WHAT TO WORK ON: The entries below are to be repeated exactly, with the pictures left out.

"""

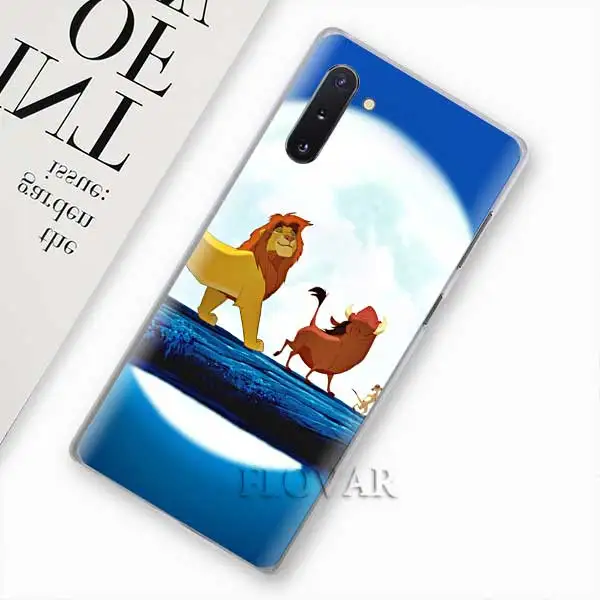 Чехлы для телефонов с изображением короля льва Simba для samsung Galaxy Note 10 S10 Plus 5G S10e A30 A40 A50 A60 A70 M40 жесткий чехол - Цвет: 014
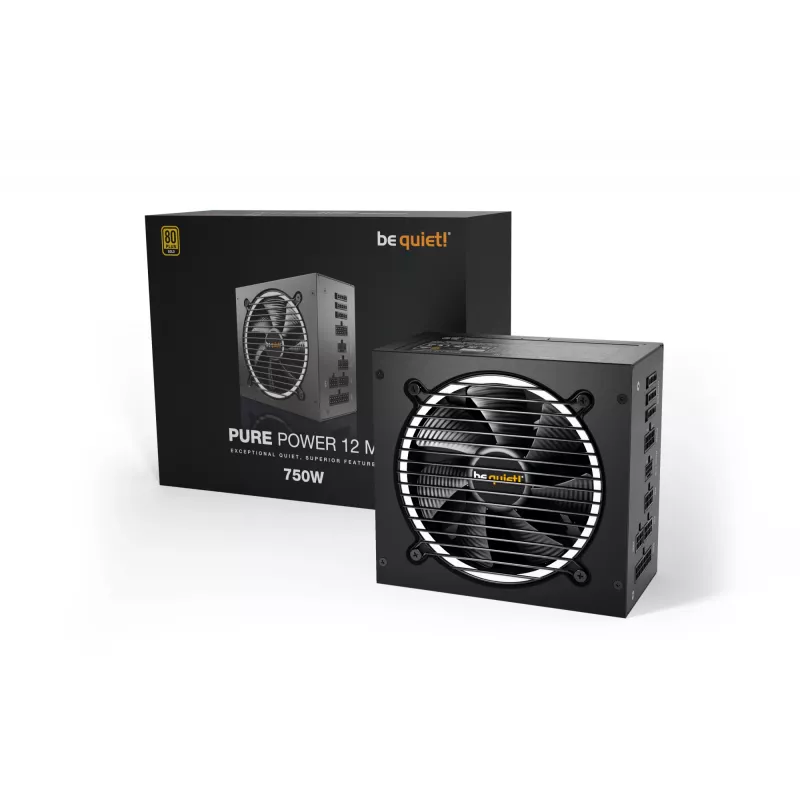 be quiet Pure Power 12 M fuente de alimentación 750 W 20+4 pin ATX ATX negro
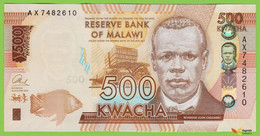 Voyo MALAWI 500 Kwacha 2014(2015) P66a 161a AX UNC Mulunguzi Dam (Zomba) - Malawi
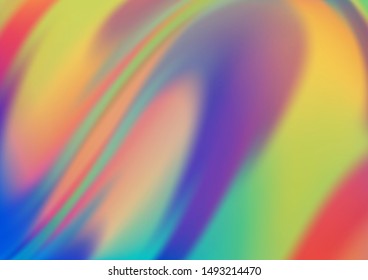 Light Blue, Yellow vector template with bent lines. An elegant bright illustration with gradient. The elegant pattern for brand book.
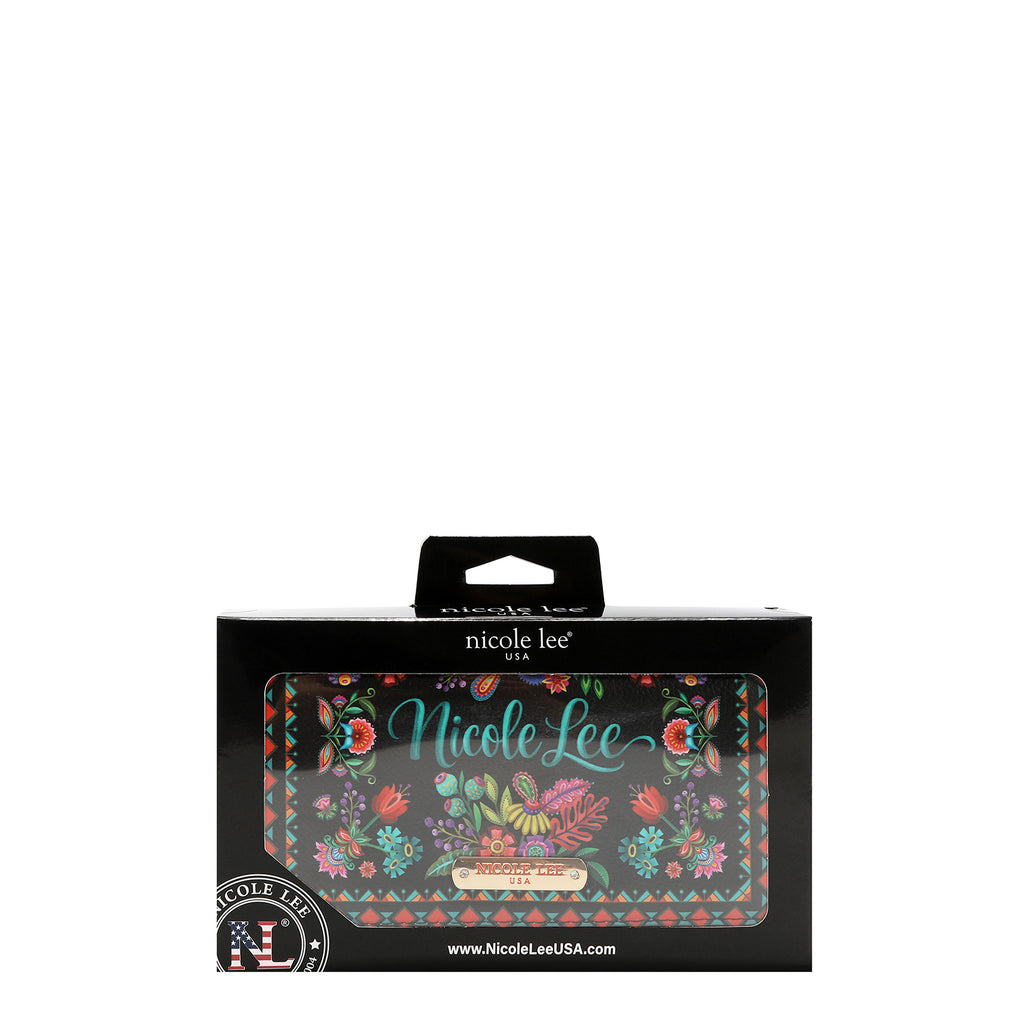 Cartera Nicole Lee Tipo Clutch Rigida KeepDreaming FW26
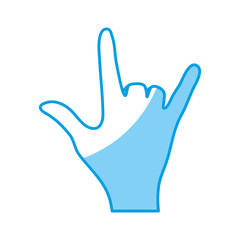 hand icon over white background vector illustration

"""

SOLUTION FOR THIS EXERCISE:
 Чехлы для телефонов с изображением короля льва Simba для samsung Galaxy Note 10 S10 Plus 5G S10e A30 A40 A50 A60 A70 M40 жесткий чехол - Цвет: 014
 be quiet Pure Power 12 M fuente de alimentación 750 W 20+4 pin ATX ATX negro
 Voyo MALAWI 500 Kwacha 2014(2015) P66a 161a AX UNC Mulunguzi Dam (Zomba) - Malawi
 Light Blue, Yellow vector template with bent lines. An elegant bright illustration with gradient. The elegant pattern for brand book.
 Cartera Nicole Lee Tipo Clutch Rigida KeepDreaming FW26
 hand icon over white background vector illustration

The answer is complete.